Pendidikan bagi Kaum Perempuan

Persoalan pendidikan di Indonesia seperti tidak ada habisnya terutama pendidikan bagi kaum perempuan. Kepala perwakilan UNICEF di Indonesia, Steven Allen, dalam peluncuran The State of The World’s Children Report beberapa waktu lalu menyampaikan banyaknya jumlah anak perempuan lulusan sekolah dasar yang tidak meneruskan ke SMP atau SMA. Jumlah tersebut lebih banyak dibandingkan jumlah anak laki-laki yang tidak meneruskan sekolah.

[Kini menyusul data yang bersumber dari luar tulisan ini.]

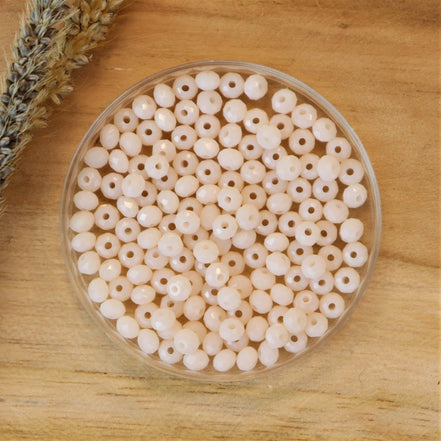Rondel facetkralen 2x3 mm - Light cream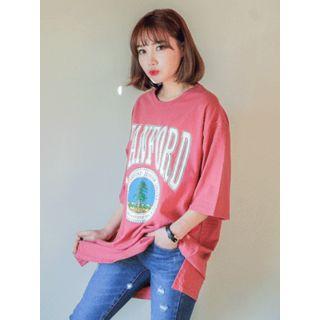 Dip-back Lettering Oversized T-shirt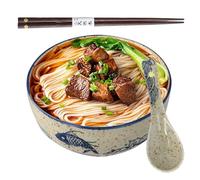 volumoon Ceramic Ramen Bowl Set, Noodle Bowl Ceramic, Ceramic Japanese Ramen Bowl Set, Vintage Ceramic Bowl with Spoons Chopsticks, Japanese Noodles Bowl, Salad Bowls for Pasta, Soup, Cereal Food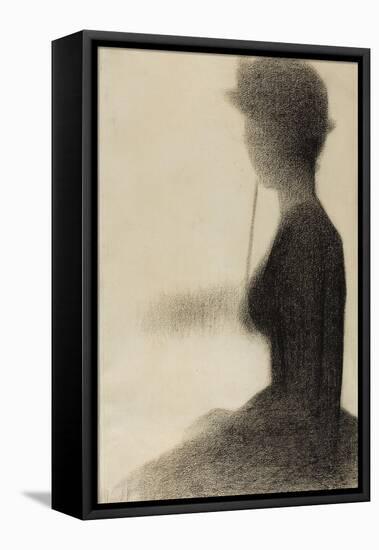 Seated Woman with a Parasol , 1884-85-Georges Pierre Seurat-Framed Stretched Canvas
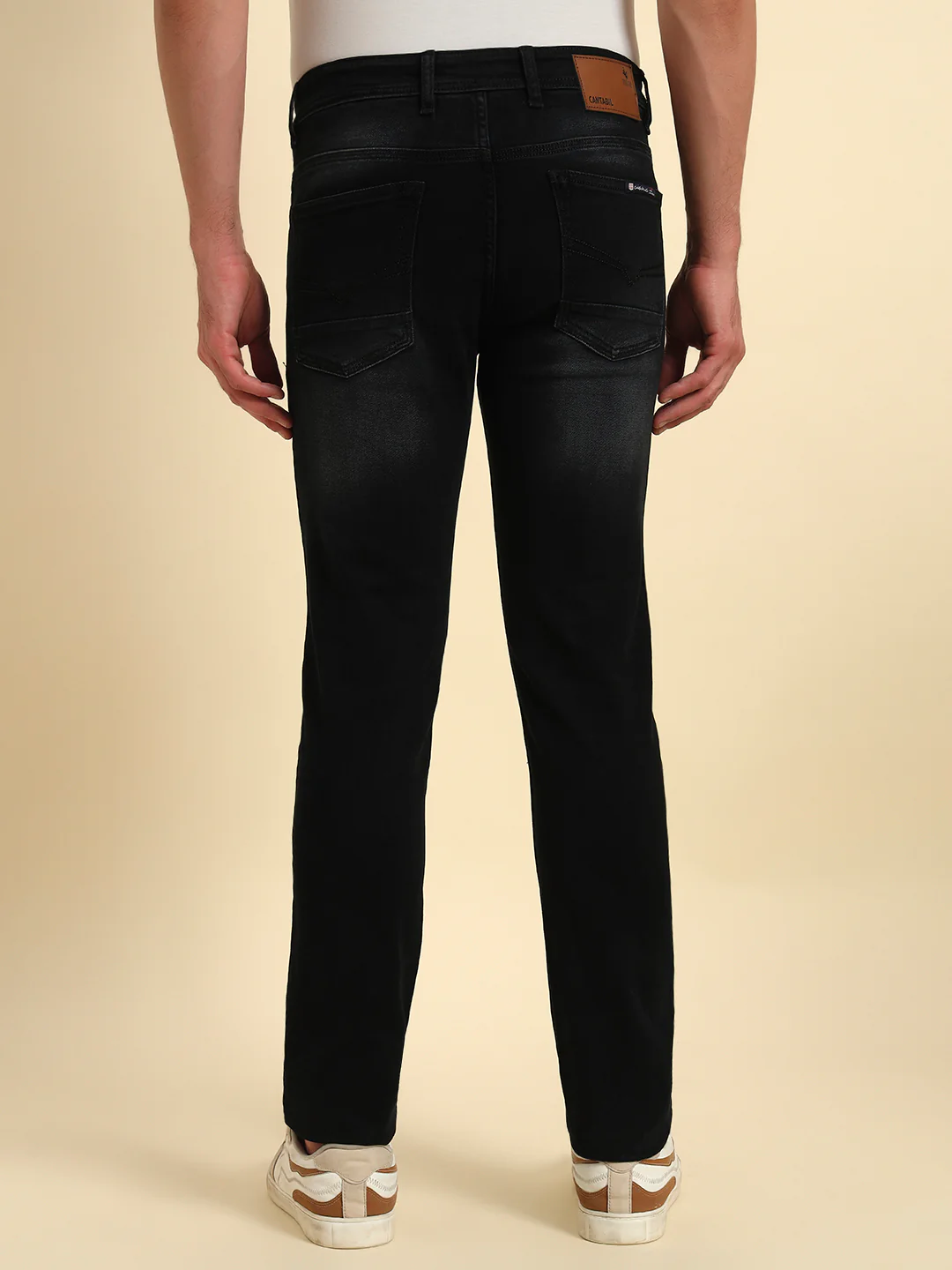 Denim Jeans for Men l Breathable & Soft with Color Fastness Ultra Narrow Fit Cotton Fabric Solid Pattern Button Closure - Image 4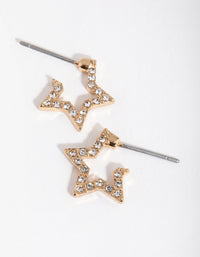 Gold Diamante Star Huggie Earrings - link has visual effect only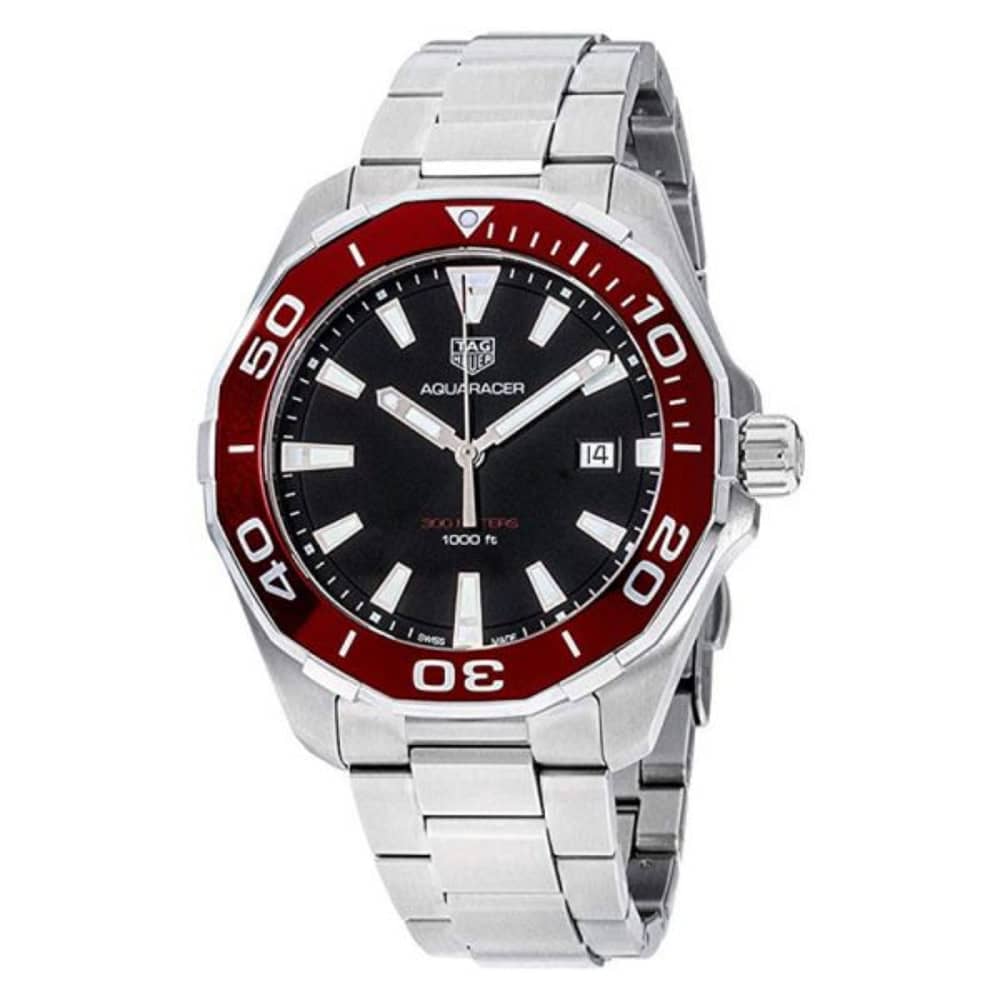 Tag Heuer Men’s Quartz Swiss Made Silver Stainless Steel Black Dial 43mm Watch WAY101B.BA0746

Kondisi yang sama terjadi pada anak SD dan SMP yang putus sekolah (DO), yakni tidak sampai tamat sekolah di SD atau SMP. Jumlah anak perempuan yang DO juga sangat besar. Di sekolah dasar, enam di antara 10 anak yang berhenti sekolah adalah perempuan dan empat lainnya adalah laki-laki. Di sekolah lanjutan pertama pun demikian, yakni tujuh anak perempuan dibandingkan tiga anak laki-laki. Angka partisipasi sekolah di SD, baik perempuan maupun laki-laki, bisa mencapai 93 persen. Akan tetapi, saat masuk SMP, jumlah itu berkurang menjadi 60 persen. Siswa perempuan mendominasi pengurangan 40 persen tersebut.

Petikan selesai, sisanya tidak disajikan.